Robin led them down the middle tunnel, Mac following behind Adam, somewhat less careful now, Mac also sensing another presence, smelling her and the unborn shifter as they snaked farther into the earth, coming to another junction.
And meeting a wall of fire.
Mac shifted on instinct and so did Robin, the crack of bones one second, a giant rust-blond body on all fours the next. Beneath him, Adam drew his pistol and leveled it at the knees of the large bald man they knew as the giant from the ridge, in human form no doubt to disguise his scent or to give the pregnant woman behind him the illusion of a chance. Not the giant they were expecting but no less dangerous, balls of fire hovering over his hands.
Backed into a dead end, hunted to within an inch of her life, Pati was still in jeopardy. A shot fired in the giant's direction could hit her too, and while the silver bullets in Adam's gun might not kill her, they would kill the eagle she carried. Mac needed to create more space between the giant and Pati if they had any hope of saving her and themselves.
Adam realized it too, gesturing up with his gun and rolling out from under Robin, staying between the coyote's big body and the tunnel wall, eyeing a path to get behind the giant with Pati, if Mac could carve out that extra space for him.
He flew high, wings spread wide, but rather than attack the giant's eyes and possibly push him backward, closer to Pati, he flew over and behind him, then dug his talons into his neck and wrapped his wings around his head, blinding him with feathers and pain, hoping like hell the fireballs he flung as he staggered forward missed his friends.
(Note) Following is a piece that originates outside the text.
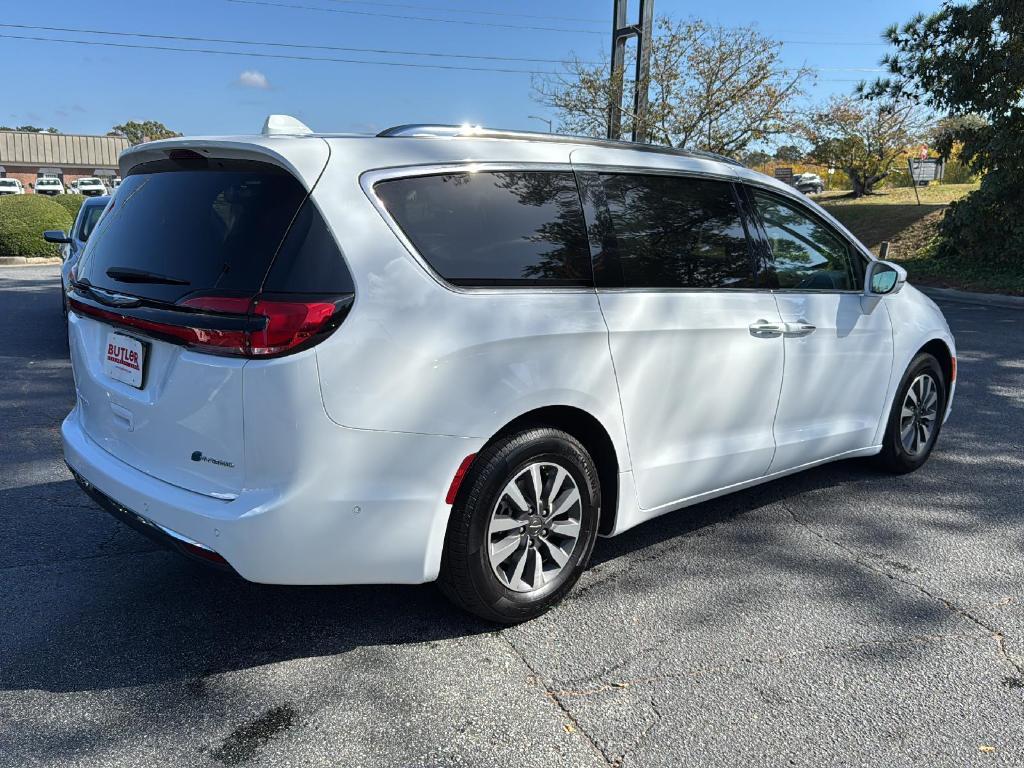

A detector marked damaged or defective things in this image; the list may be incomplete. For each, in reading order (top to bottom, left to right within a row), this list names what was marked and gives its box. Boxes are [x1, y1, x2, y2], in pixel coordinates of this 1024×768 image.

And gave them the room they needed to maneuver—fast—because Mac felt the energy inside the giant sizzling. At any moment, he would transform into the nightmare of Paris's paintings, and none of them would survive.
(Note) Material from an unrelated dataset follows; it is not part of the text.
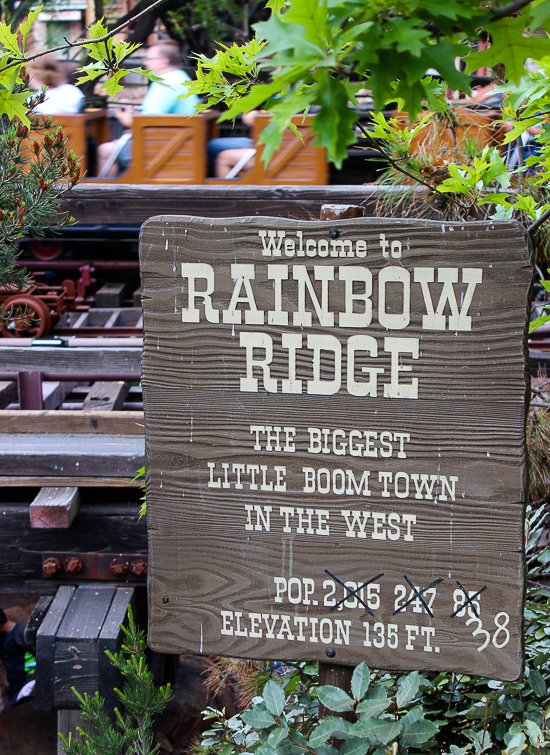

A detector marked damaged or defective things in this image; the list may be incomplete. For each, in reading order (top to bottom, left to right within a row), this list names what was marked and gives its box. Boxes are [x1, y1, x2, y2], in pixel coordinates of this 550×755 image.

rusty metal bracket [41, 556, 148, 584]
Two shots fired and the giant lurched, sank, and Mac released him, flying back and up, out of Robin's way as the coyote slammed into the giant from behind and took him to the ground, pinned him there long enough for Adam to run past with Pati under his arm. The giant roared, the tunnel walls trembling, and while the plan had been to herd him out, at the rate the earth around them was crumbling, they just needed to get out alive.
Mac sounded the alarm, a shrill KRAA his team knew well. Robin banged the giant into the ground one more time, enough to momentarily daze him, then took off after Adam and Pati, Mac flying overhead. Watching as the coyote shifted midstride so that when they reached Adam and Pati beneath the exit chute, he could help Adam lift her high enough to reach the rungs and start to climb toward the hatch. Adam stayed right behind her, reaching a long arm around her to key in the code Mary had given them. They shoved open the hatch door and cold air rushed into the tunnel, just as hot air began to build beneath Mac's wings, orange light and thundering steps closing in.
Mac cried again, as much a "GO!" as he could manage in raven form. Robin got the message, quickly scaling the rungs next, Mac providing cover behind him as the giant, in full monstrous form, charged their direction, hands of fireballs out, ready to defend himself. Mac did the unexpected—swooping low, talons digging into the bullet wounds behind the giant's knees, driving the silver bullets deeper, speeding along what the rush of magic had temporarily slowed. The giant staggered into the fragmenting wall, his weight dislodging chunks of mud and limestone.
"Mac, let's go!" Adam called from overhead. "She's gonna blow it."
He dodged the giant's flailing arms and sailed up and out the chute, Robin slamming shut the hatch door just as the earth heaved, Nature answering the call like Mac had seen her do weeks ago at the Canyon Lands.
KRAA!
"Run!" Robin shoved a shoulder under Pati's armpit, Adam under her other, and they sprinted out of the cold storage unit, out of the building, and toward the road, Mac sailing above them with a flock of corvids, their group reaching stable ground not a moment too soon.
Nature gave a final, powerful jolt and the land on the other side of the road sank, the tunnel walls collapsing into a massive sinkhole and, with any luck, swallowing the giant for good.